Sunday, August 1, 1982

Silent hills


Sheet grey torrential Sunday morning skies. We were going on a hike, but Robert had a huge blister on his heel from walking home again last night so he couldn’t come with us.

Mum, Dad, and I set off in a mood to match the weather, parking at Busk Falls, the rain still spattering onto the car windscreen. We had a look round the twelfth century church with its squat, almost ugly bulk crouched behind a short tower. We bumped into a probation officer acquaintance of Dad who destroyed Dad's hopes for a future probation-officer job with a pessimistic and comfortless realism. As we trudged off on our walk Mum was close to tears.

We clomped up a narrow winding lane through Lowbrough, Stakethorne amid lovely limestone landscapes of boulders and stunted scrubby trees, the grass clipped lawn-short by rabbits and sheep. We leveled out onto a broad plateau crossed by tumbled walls and dotted with rocks, on our left the gaping eye socket blackness of Haw Cave beckoning high among limestone outcrops.

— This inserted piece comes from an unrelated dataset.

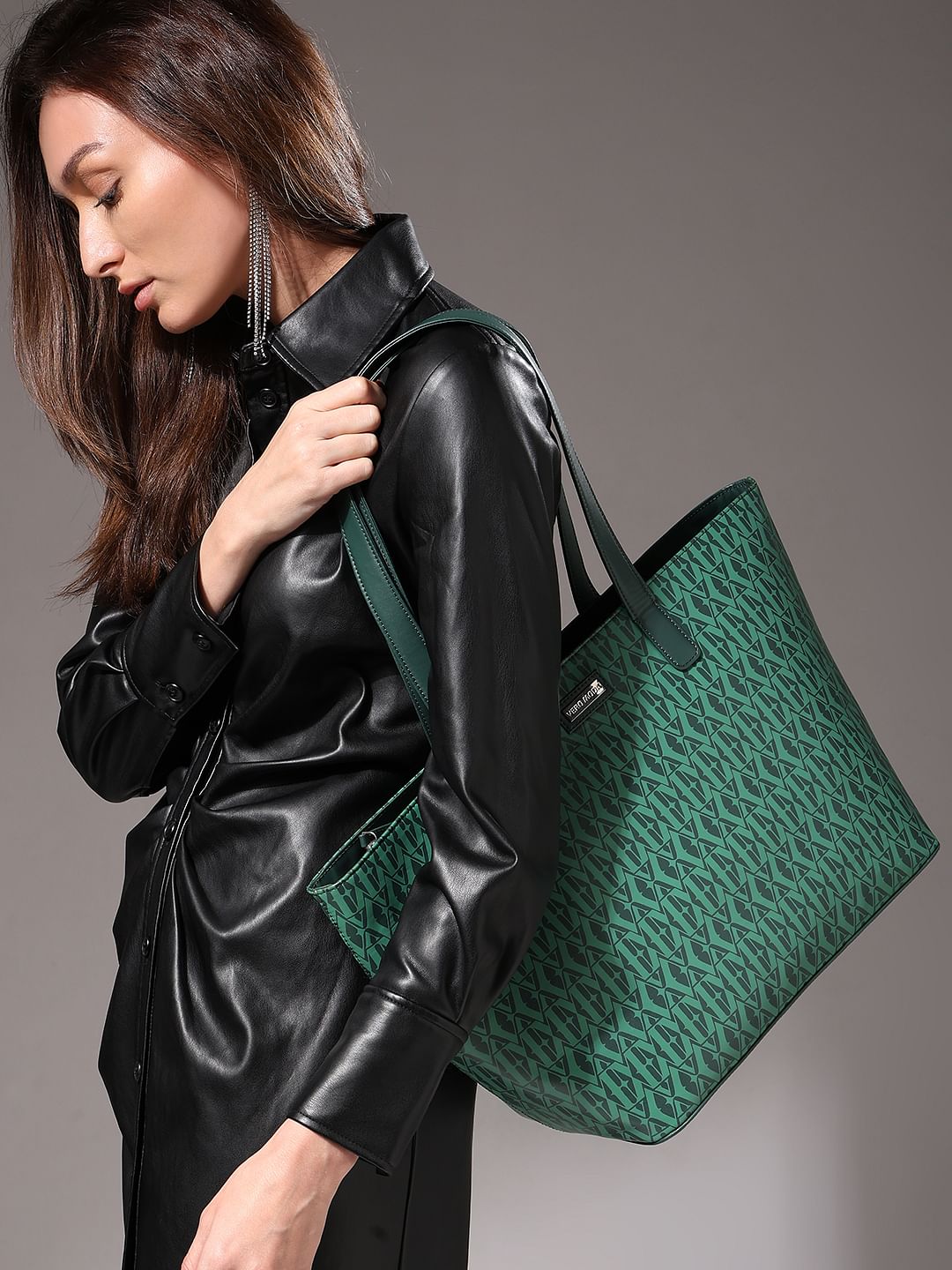 Green Monogram Print Tote Bag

As we crested a rise we saw Swinmoss stone circle, which is hardly a circle at all with scarcely half-a-dozen members: the standing stones are short, round and split like broken teeth. It looked more impressive from a distance, nestling under a white wall side.

It was sticky and very humid as we climbed up to meet Scar Lane which snaked away across the hazy slopes towards Oaklass. Swinmoss calls itself the “smallest town in England” (there are only two houses, plus associated barns and outhouses), and here we blundered a bit, getting lost. As Mum struggled up the hill from Swinmoss she said she felt “shattered” so we took the last three homeward miles to Lowbrough easy, pausing a long time on the hilltop limestone clints and again past classic fractured rock outcrops by Haw Cave. We climbed up to its dark entrance and gazed out over the timeless fields and deathly silent hills.

I'm going to write in this journal only when the mood takes me so as to escape the daily grind of having to think up what to write. Some days I just don't feel moved. Hopefully by doing this the writing will improve and it’ll be more interesting for me to read.